## Task brief
Begin at the line below that has "Monterra Ranch community". Stop after the line that has "a kitchen with", repeating each line exactly and leaving out the pictures.

## Data shown
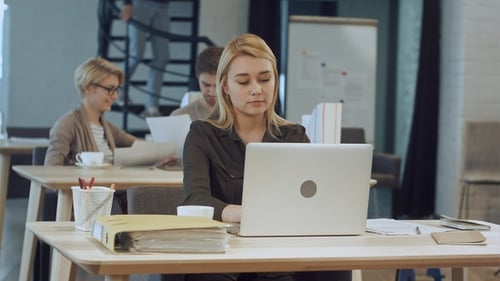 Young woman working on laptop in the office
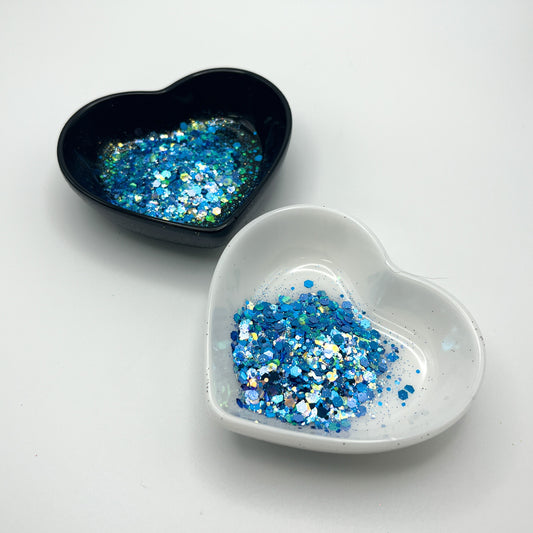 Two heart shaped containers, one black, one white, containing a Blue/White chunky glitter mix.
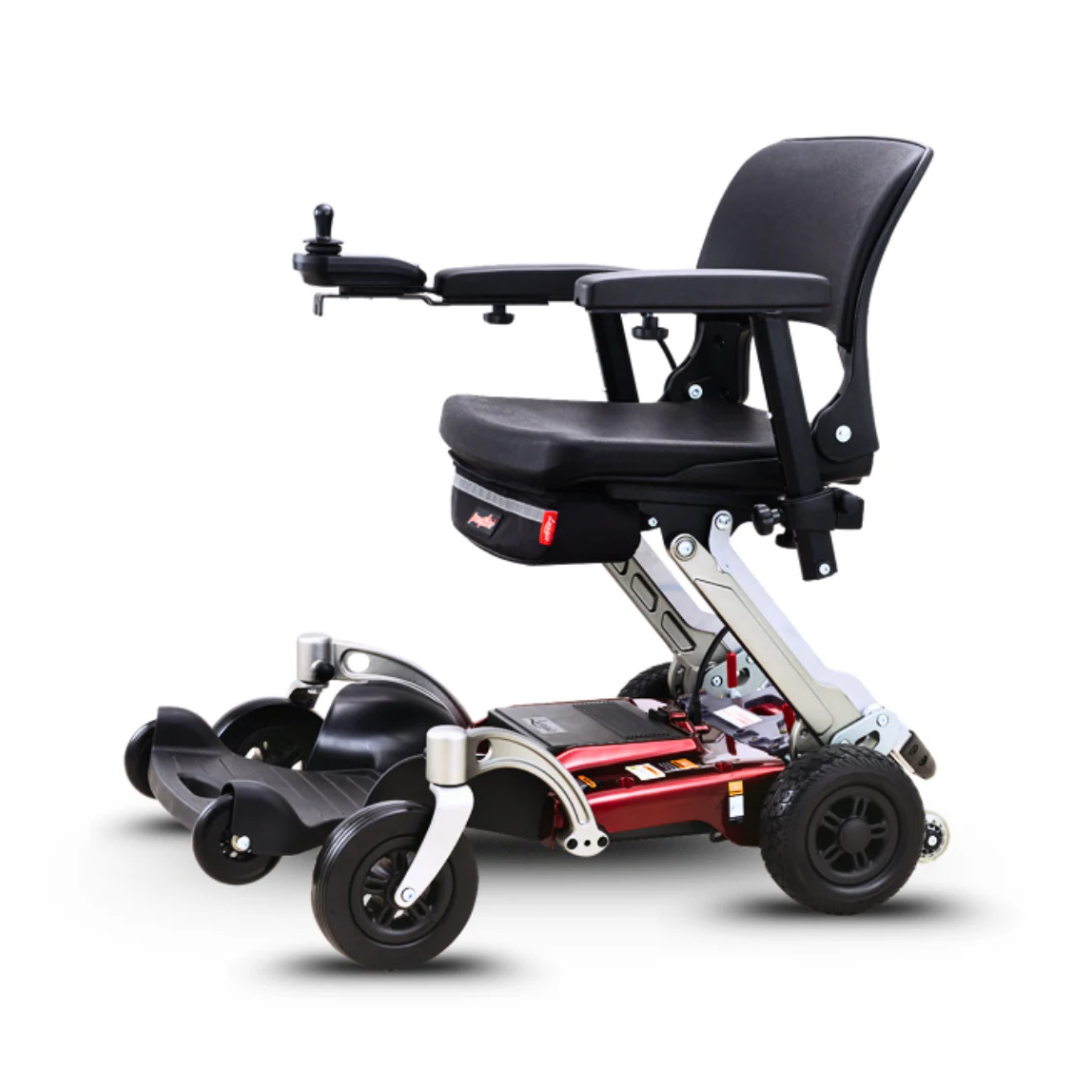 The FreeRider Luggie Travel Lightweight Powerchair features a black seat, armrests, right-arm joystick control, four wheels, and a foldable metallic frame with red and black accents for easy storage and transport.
---
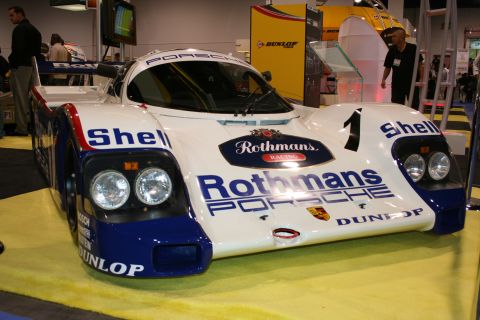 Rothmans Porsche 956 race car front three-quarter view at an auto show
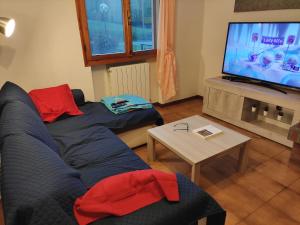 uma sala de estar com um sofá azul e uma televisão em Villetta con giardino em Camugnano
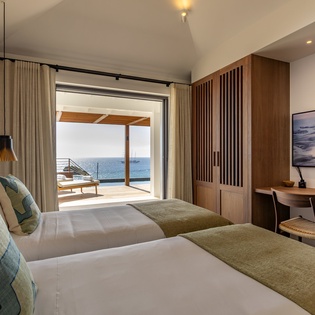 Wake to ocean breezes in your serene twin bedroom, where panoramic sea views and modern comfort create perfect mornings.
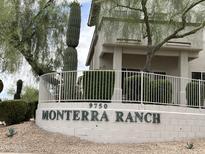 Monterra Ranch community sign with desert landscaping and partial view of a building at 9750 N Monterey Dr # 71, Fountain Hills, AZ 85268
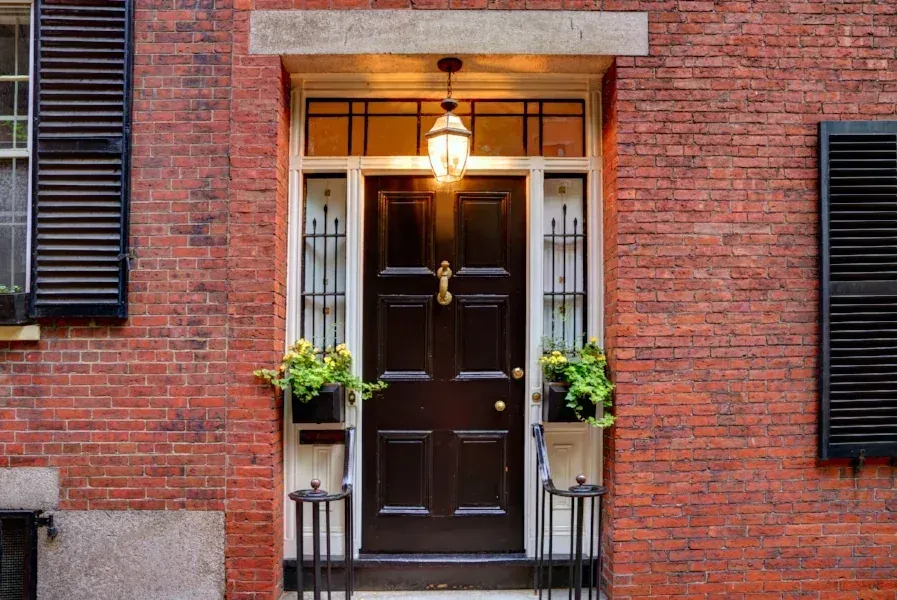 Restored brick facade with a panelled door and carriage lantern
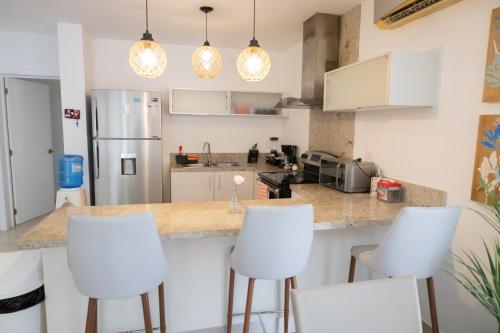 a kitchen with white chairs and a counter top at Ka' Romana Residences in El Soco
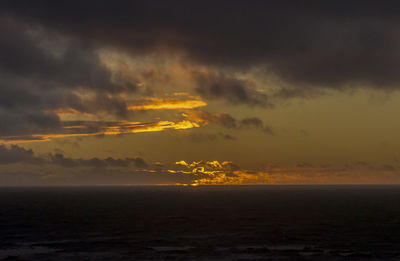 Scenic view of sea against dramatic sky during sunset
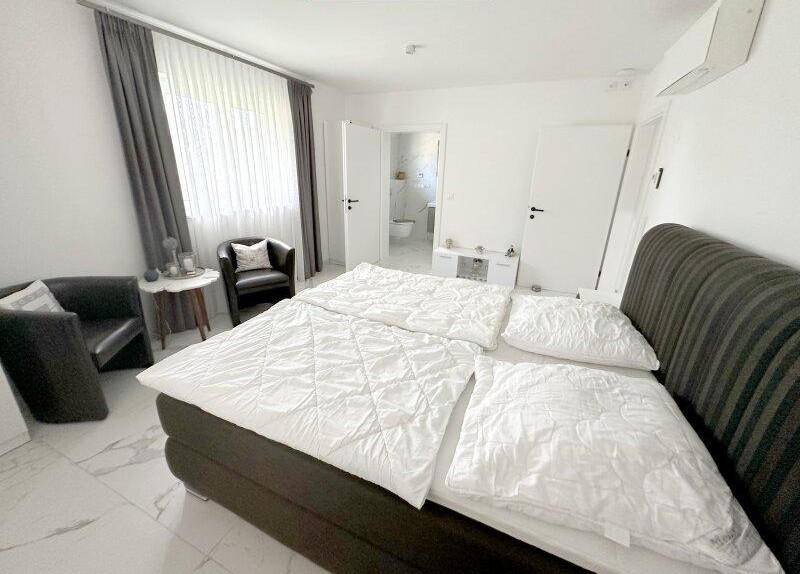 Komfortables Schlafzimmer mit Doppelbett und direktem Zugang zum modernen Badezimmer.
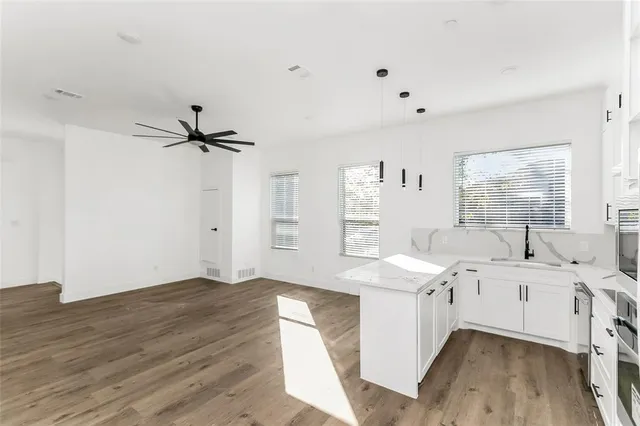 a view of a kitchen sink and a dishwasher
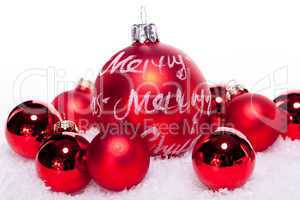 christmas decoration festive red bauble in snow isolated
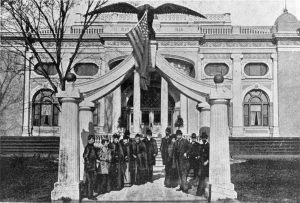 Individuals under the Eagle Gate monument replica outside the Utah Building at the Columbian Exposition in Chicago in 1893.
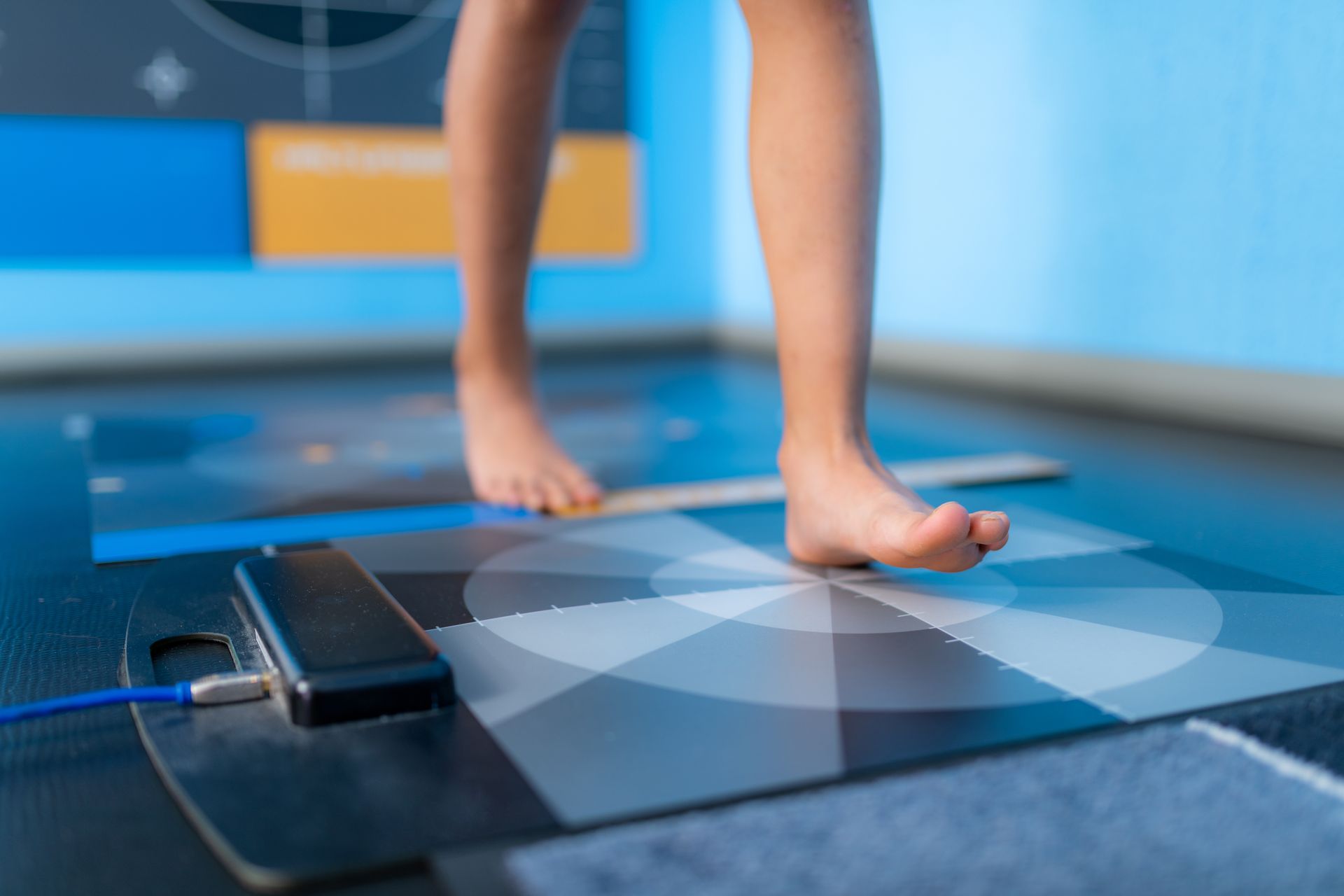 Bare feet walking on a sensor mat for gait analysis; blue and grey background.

## Your solution
 Monterra Ranch community sign with desert landscaping and partial view of a building at 9750 N Monterey Dr # 71, Fountain Hills, AZ 85268
 Restored brick facade with a panelled door and carriage lantern
 a kitchen with white chairs and a counter top at Ka' Romana Residences in El Soco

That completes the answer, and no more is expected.